» What needs to be done
Below are entries; print them exactly from the first line through the one containing "Ideafootwear St Louis".

(Records drawn from a dataset)
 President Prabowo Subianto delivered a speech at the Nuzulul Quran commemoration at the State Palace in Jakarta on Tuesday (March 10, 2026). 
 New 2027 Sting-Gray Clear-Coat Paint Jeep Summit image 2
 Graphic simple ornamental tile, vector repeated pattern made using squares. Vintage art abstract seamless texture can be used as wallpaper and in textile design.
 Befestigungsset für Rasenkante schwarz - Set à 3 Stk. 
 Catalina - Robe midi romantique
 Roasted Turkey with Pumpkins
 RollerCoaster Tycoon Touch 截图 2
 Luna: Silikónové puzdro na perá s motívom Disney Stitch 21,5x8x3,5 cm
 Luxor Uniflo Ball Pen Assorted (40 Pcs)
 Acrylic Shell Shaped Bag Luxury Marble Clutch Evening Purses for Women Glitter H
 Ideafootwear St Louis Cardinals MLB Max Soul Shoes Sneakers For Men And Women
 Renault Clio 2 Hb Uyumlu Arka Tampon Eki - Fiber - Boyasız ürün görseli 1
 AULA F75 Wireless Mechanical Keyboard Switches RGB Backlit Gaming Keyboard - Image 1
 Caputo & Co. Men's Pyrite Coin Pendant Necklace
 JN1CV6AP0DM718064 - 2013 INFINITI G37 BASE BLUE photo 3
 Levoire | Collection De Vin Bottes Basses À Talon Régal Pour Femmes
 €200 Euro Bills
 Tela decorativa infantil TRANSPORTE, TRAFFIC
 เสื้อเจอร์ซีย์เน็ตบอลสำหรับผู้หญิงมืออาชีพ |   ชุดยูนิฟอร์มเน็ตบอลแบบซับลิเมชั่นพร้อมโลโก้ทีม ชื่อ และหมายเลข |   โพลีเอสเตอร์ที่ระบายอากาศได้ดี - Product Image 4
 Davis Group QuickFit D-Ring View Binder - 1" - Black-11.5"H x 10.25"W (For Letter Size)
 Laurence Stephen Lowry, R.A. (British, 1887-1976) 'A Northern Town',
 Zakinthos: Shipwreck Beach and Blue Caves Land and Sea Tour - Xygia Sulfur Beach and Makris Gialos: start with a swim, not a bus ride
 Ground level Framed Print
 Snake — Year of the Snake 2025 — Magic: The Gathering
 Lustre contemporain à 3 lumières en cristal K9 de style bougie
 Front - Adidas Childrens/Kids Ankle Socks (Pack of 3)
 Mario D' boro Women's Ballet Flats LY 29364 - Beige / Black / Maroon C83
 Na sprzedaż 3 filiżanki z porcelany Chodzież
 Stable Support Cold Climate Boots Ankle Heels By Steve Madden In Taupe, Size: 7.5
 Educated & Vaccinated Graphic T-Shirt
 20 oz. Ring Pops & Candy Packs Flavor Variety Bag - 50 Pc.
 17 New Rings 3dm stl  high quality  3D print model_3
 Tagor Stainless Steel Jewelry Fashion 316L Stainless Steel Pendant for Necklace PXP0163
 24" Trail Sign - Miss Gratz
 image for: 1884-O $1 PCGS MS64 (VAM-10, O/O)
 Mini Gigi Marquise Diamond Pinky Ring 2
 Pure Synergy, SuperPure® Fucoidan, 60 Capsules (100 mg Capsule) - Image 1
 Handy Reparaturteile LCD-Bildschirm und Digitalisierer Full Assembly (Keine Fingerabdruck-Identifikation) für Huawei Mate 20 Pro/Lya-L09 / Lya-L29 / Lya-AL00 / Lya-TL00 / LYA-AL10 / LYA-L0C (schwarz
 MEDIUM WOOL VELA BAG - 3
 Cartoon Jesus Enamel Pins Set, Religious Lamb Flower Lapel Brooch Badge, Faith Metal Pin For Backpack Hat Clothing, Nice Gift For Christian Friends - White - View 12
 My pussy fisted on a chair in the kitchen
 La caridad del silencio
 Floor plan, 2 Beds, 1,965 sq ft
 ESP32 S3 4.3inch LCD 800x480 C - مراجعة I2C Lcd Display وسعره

» Task answer
 President Prabowo Subianto delivered a speech at the Nuzulul Quran commemoration at the State Palace in Jakarta on Tuesday (March 10, 2026). 
 New 2027 Sting-Gray Clear-Coat Paint Jeep Summit image 2
 Graphic simple ornamental tile, vector repeated pattern made using squares. Vintage art abstract seamless texture can be used as wallpaper and in textile design.
 Befestigungsset für Rasenkante schwarz - Set à 3 Stk. 
 Catalina - Robe midi romantique
 Roasted Turkey with Pumpkins
 RollerCoaster Tycoon Touch 截图 2
 Luna: Silikónové puzdro na perá s motívom Disney Stitch 21,5x8x3,5 cm
 Luxor Uniflo Ball Pen Assorted (40 Pcs)
 Acrylic Shell Shaped Bag Luxury Marble Clutch Evening Purses for Women Glitter H
 Ideafootwear St Louis Cardinals MLB Max Soul Shoes Sneakers For Men And Women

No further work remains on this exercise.